Saturday, April 2, 2011

Twisted: Asynchronous HTTP Request

Note that how to make an HTTP request with Twisted is already documented. But, unless you're already familiar with Twisted, my guess is that extending the example code to downloading a large number of web pages with a limit on the number of simultaneous requests is not easy. Below, you'll find example code for exactly that. Below the code is a walk-through that will hopefully help you understand the details.


from pprint import pformat

from twisted.internet import reactor
import twisted.internet.defer
from twisted.internet.protocol import Protocol
from twisted.web.client import Agent
from twisted.web.http_headers import Headers

class PrinterClient(Protocol):
    def __init__(self, whenFinished):
        self.whenFinished = whenFinished

    def dataReceived(self, bytes):
        print '##### Received #####\n%s' % (bytes,)

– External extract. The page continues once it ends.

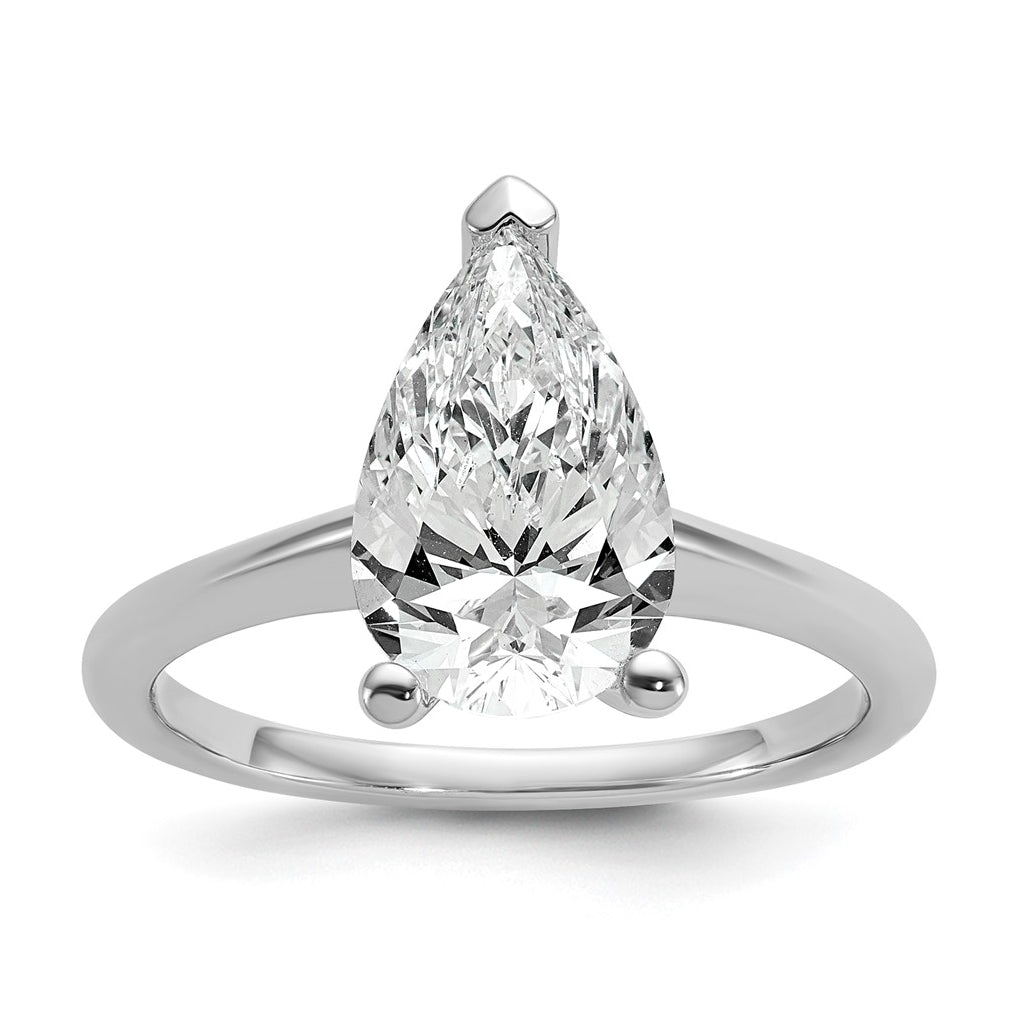 10K Two Tone Gold 1ct Lab Grown Diamond VS+ F+ Pear Solitaire Complete Engagement Ring Size 5 – Elegant Jewelry Gift for Birthday, Anniversary, Engagement, Wedding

    def connectionLost(self, reason):
        print 'Finished:', reason.getErrorMessage()
        self.whenFinished.callback(None)

def handleResponse(r):
    print "version=%s\ncode=%s\nphrase='%s'" % (r.version, r.code, r.phrase)
    for k, v in r.headers.getAllRawHeaders():
        print "%s: %s" % (k, '\n  '.join(v))
    whenFinished = twisted.internet.defer.Deferred()
    r.deliverBody(PrinterClient(whenFinished))
    return whenFinished

def handleError(reason):
    reason.printTraceback()
    reactor.stop()

def getPage(url):
    print "Requesting %s" % (url,)
    d = Agent(reactor).request('GET', url, Headers({'User-Agent': ['twisted']}), None)
    d.addCallbacks(handleResponse, handleError)
    return d

semaphore = twisted.internet.defer.DeferredSemaphore(2)
dl = list()
dl.append(semaphore.run(getPage, 'http://google.com'))
dl.append(semaphore.run(getPage, 'http://cnn.com'))
dl.append(semaphore.run(getPage, 'http://nytimes.com'))
dl = twisted.internet.defer.DeferredList(dl)
dl.addCallbacks(lambda x: reactor.stop(), handleError)

reactor.run()

getPage handles an entire single HTTP request. Agent(reactor).request() creates an Agent and sends the HTTP request. request() returns a deferred which is fired when the headers are retrieved. The addCallbacks line specifies that handleResponse is called upon successful header retrieval and handleError is called if there is an error in retrieving the headers.

handleResponse is given a Response object which contains the HTTP header and includes a method, deliverBody, to specify a Protocol to handle delivery of the HTTP body. A Protocol is used for body delivery because it may come in chunks and an error may occur in the middle of delivery (e.g. someone pulls your network plug). PrinterClient is a very simple Protocol which (1) prints received data, (2) logs the reason for termination (if not twisted.web.client.ResponseDone, there was an error), and (3) fires a deferred whenFinished.

The trickiest part of this code is following the Deferred chain, which is essential to understanding how we limit the maximum number of outstanding requests. A key point to understand about Deferreds is that, if a callback returns a Deferred, the parent Deferred waits for the child Deferred to fire before handing a value to the next Deferred in the chain. See documentation on Chaining Deferreds. Because of this, each semaphore.run waits for the PrinterClient protocol to complete before releasing its semaphore. The DeferredSemaphore is basically a Deferred-aware semaphore. It's only argument is the number of tokens it allows to be "checked-out" simultaneously. When we make the nytimes.com semaphore.run call, the semaphore doesn't call getPage until one of the other requests has completed.

The DeferredList is used to clean-up after all requests have completed. Under normal circumstances, we just want to stop the reactor so our process will exit. But, if there is an error, we want to see what happened, hence we use handleError in that case.

Update 9/13/11: Minor code formatting change.